[Dataset excerpts]
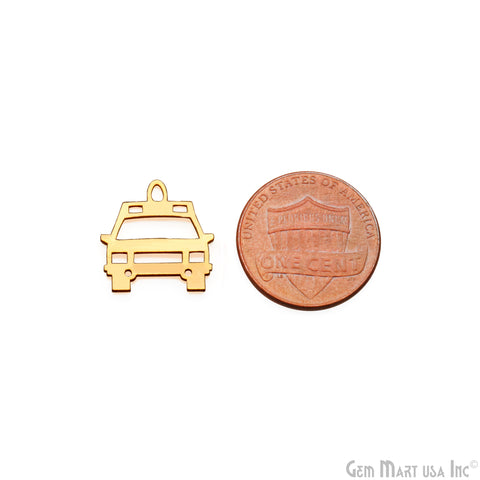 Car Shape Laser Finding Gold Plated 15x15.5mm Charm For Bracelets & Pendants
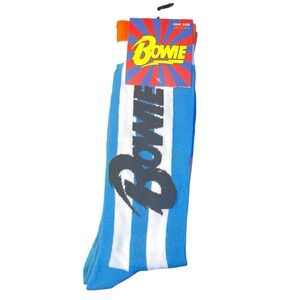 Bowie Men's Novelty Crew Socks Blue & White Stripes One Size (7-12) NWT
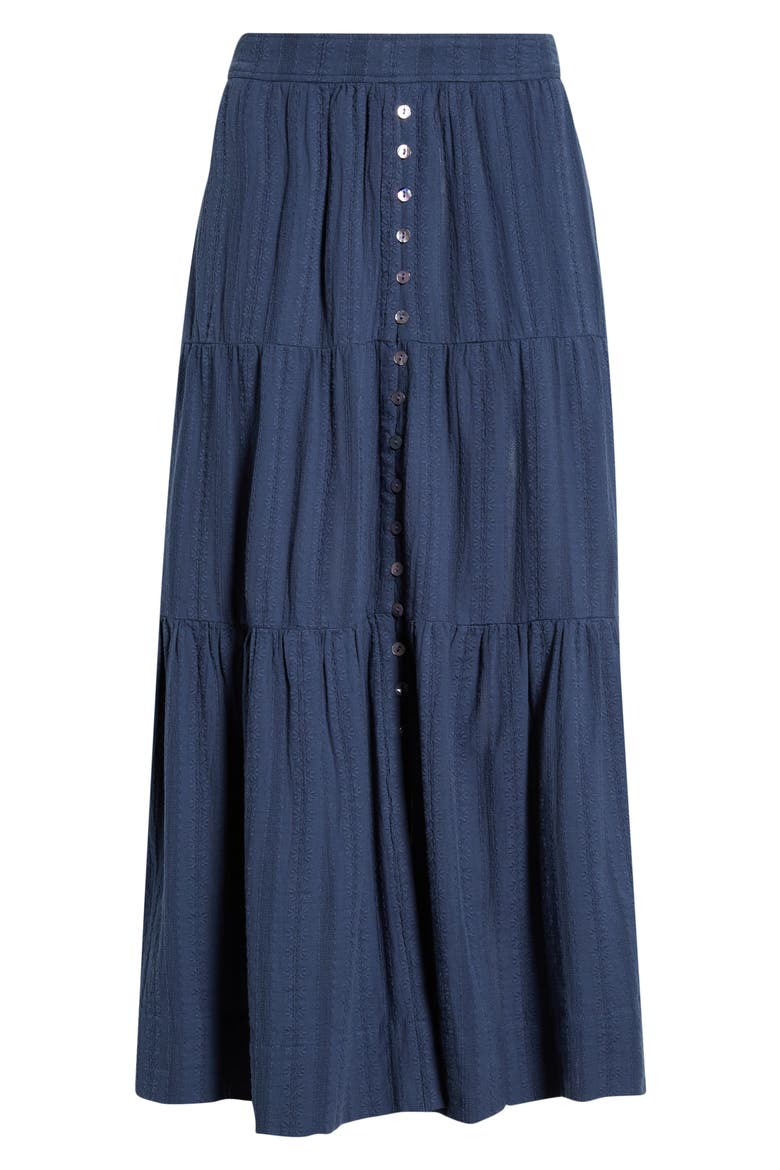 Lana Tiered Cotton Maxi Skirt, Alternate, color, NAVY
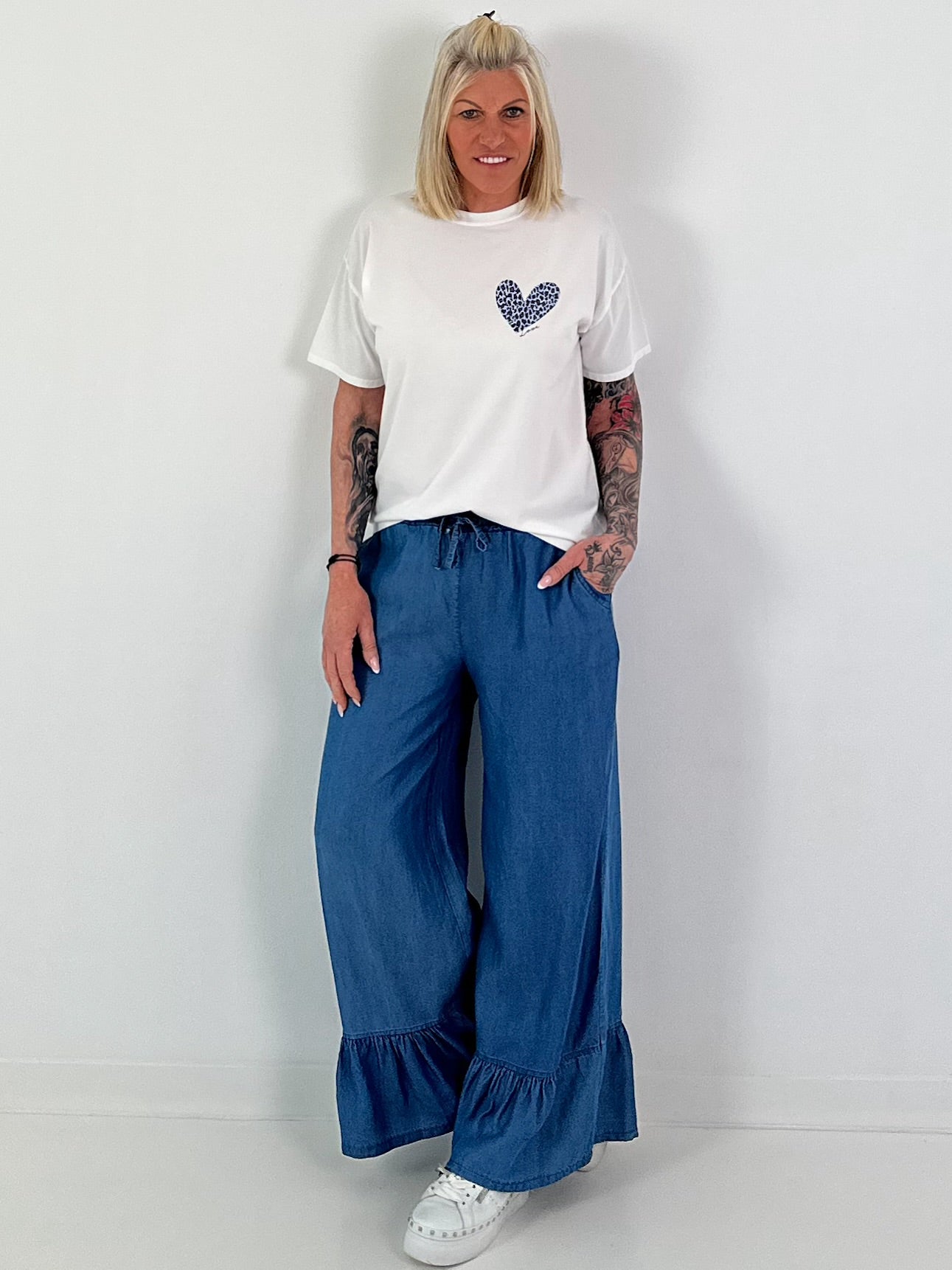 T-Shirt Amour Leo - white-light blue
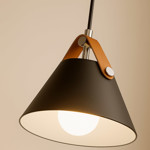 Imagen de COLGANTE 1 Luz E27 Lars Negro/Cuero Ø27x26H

**Required work**
Every line from the one holding "Lana Tiered Cotton" through the final line of the data above is to be reproduced exactly, both ends included, with the pictures left out.

**Problem solution**
 Lana Tiered Cotton Maxi Skirt, Alternate, color, NAVY
 T-Shirt Amour Leo - white-light blue
 Imagen de COLGANTE 1 Luz E27 Lars Negro/Cuero Ø27x26H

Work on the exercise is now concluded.